I'm not sure that's actually a problem: at the current point of time, by
far the bulk of update-with-convert-ly.sh's runtime is spent running
"make all".

And it's probably also ok to restart with a clean state for LilyPond's
core documentation files, and its code files.  But for the LSR snippets
and the example files and the regression tests, it seems somewhat
excessive to update.

Now the idea of "add a comment" is not really useful when the aim is to
avoid unnecessary merge conflicts.  If we don't want merge conflicts
from the main \version, we don't want them from a comment either.

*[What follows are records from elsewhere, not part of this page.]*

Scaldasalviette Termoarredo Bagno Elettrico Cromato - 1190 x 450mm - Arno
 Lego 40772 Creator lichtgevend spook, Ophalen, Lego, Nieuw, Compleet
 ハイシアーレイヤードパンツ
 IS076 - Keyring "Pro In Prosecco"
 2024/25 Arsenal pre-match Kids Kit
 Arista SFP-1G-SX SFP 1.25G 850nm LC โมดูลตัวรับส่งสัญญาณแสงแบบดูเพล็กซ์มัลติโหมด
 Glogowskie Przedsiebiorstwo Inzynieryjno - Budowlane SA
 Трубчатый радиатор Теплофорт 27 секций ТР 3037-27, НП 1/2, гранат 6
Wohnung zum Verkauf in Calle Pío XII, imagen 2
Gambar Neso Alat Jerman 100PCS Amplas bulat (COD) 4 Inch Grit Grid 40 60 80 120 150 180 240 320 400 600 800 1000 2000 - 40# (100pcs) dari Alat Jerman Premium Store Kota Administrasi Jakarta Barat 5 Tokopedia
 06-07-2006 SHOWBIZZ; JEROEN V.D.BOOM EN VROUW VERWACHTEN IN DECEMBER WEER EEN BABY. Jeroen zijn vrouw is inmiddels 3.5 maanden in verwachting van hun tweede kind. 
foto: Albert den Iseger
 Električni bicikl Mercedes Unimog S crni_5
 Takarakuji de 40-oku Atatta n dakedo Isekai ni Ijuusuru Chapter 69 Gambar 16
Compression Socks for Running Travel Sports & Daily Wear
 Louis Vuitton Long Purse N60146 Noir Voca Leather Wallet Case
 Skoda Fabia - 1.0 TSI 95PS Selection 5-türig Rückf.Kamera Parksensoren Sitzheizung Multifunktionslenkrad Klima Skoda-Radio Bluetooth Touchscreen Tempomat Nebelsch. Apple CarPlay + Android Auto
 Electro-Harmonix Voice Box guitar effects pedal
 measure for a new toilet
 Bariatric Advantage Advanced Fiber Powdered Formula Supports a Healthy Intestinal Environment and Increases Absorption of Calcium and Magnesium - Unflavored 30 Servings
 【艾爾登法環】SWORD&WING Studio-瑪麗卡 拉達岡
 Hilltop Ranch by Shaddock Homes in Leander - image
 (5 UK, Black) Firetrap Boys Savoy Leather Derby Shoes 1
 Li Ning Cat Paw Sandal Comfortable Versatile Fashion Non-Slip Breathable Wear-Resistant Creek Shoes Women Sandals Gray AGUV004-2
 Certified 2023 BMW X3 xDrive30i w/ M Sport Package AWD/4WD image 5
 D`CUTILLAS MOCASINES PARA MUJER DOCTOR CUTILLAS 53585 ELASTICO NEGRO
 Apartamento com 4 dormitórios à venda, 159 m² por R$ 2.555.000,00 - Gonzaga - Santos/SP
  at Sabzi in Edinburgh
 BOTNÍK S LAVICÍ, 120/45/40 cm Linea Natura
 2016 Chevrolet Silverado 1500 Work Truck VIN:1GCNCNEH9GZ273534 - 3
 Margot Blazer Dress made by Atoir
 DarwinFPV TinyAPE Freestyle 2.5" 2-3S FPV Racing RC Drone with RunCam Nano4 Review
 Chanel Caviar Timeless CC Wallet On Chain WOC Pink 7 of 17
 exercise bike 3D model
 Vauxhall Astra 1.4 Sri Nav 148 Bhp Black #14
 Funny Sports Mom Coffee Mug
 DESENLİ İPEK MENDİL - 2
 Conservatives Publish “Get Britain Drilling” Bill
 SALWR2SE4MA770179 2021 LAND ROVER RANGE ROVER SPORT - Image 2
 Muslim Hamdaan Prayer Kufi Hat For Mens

Taking a look at our current Documentation/snippets, we have the
following statistics:

git grep -h '\\version' Documentation/snippets|sort -n|uniq -c
    140 \version "2.16.0"
     26 \version "2.17.11"
      2 \version "2.17.13"
      2 \version "2.17.14"
      9 \version "2.17.15"
      5 \version "2.17.18"
      2 \version "2.17.23"
      4 \version "2.17.24"
      2 \version "2.17.25"
      8 \version "2.17.27"
      4 \version "2.17.28"
      1 \version "2.17.29"
     34 \version "2.17.30"
      2 \version "2.17.5"
    162 \version "2.17.6"
      4 \version "2.17.7"

So in this cycle, only about a third of the files stayed at 2.16.0.  So
the average "conversion chain length" will not actually reach even two
stable versions.  Of course, it is not random which files get hit: the
really short and simple ones are more likely to stick around unchanged
for longer.  But those are also less costly.

The regression tests are quite selective: here we have 718 of 1185 that
are at 2.16.0, so about 60%.  But that still does not make for much more
than a mean delay of 3 stable versions before update.

So I lean towards just ripping the respective code out from convert-ly.
I _think_ we have options that allow to simulate the update to a
particular version if one really wants to.

Of course, this will likely make the LSR import slower, too.  But I
think it can't hold a candle towards the "is this safe?" checks, either.